Le traumatisme et ses conséquences politiques
De cette guerre est sorti un nouveau tracé des frontières intra et extra européennes. De nouvelles nations sont nées ou resurgies sur les ruines des Empires ottoman et austro-hongrois. Consécutivement, des populations entières furent contraintes d’émigrer par la force, menacées par des purifications ethniques qui ont été mises à exécution pendant la guerre et parfois poursuivies après la guerre.

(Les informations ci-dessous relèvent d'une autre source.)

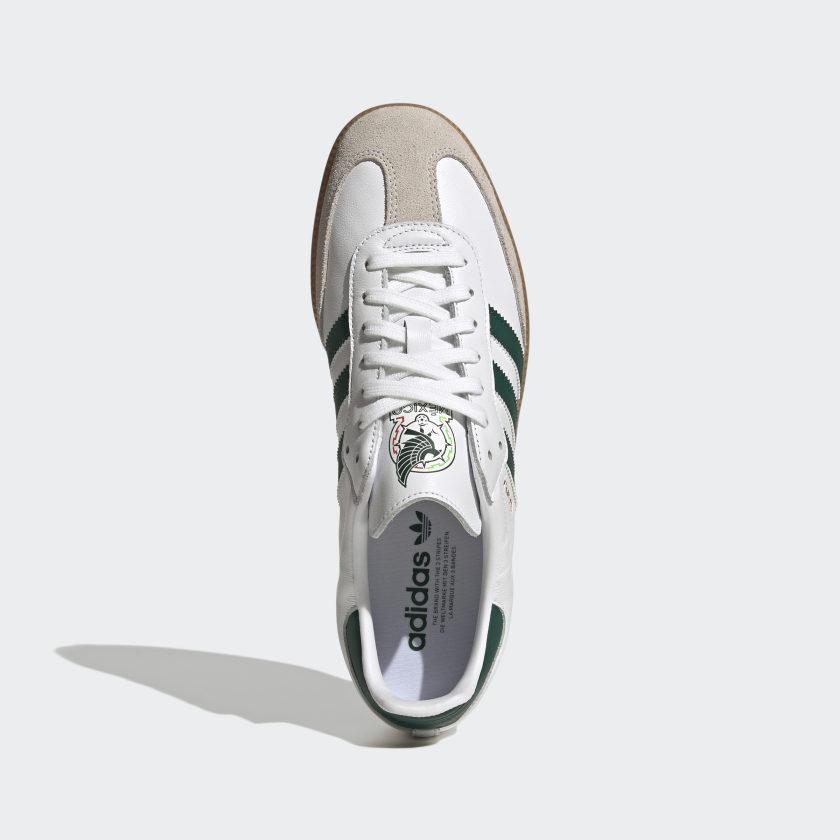 商品Adidas|Men's adidas SAMBA Mexico,价格¥667,第4张图片详细描述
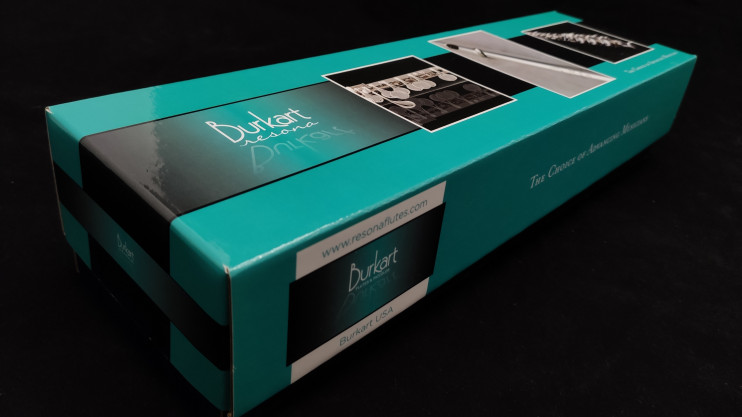 Флейта Burkart Resona R-150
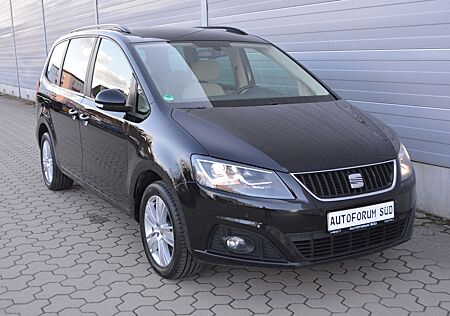 Seat Alhambra Style 2.0TDI Bi-Xenon R.Kam AHK NAVI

Et si le rappel de ces drames ne suffisaient pas à nous convaincre de l’utilité des commémorations du centenaire de la fin de cette guerre, il n’est que de voir les monuments aux morts de nos villes et villages pour imaginer le voile de deuil qui a recouvert la Corse dans les années vingt. Et rien mieux qu’écouter la chanson des frères Vincenti, « U ritratu » (Le portrait) pour donner à penser quelle tristesse, quel chagrin, quelle douleur ont pénétré l’intimité des familles corses : environ 11.400 morts, des jeunes dans la fleur de l’âge. Morts au champ d’honneur disent nos monuments aux morts, « aux champs d’horreur » chante Jacques Brel. …. Et les blessés, et les « gueules cassées ». Bref, un traumatisme, une véritable saignée qui conjuguée avec le dépérissement de l’économie insulaire, a généré la contestation corsiste d’après guerre dont un courant minoritaire, irrédentiste, le Partitu Corsu par l’Autonomia de Petru Rocca, a nourri un inextinguible ressentiment contre la Révolution de 1789 et contre la loi sur la laïcité de 1905. Un ressentiment qui le conduira avec ses amis dans les bras de Mussolini. L’autre courant corsiste, majoritaire, refusera cette instrumentalisation par les fascistes ; il en est même, tel le poète Maestrale qui seront déportés, ou tel Simon-Jean Vinciguerra qui plus tard sera responsable de la Résistance bastiaise.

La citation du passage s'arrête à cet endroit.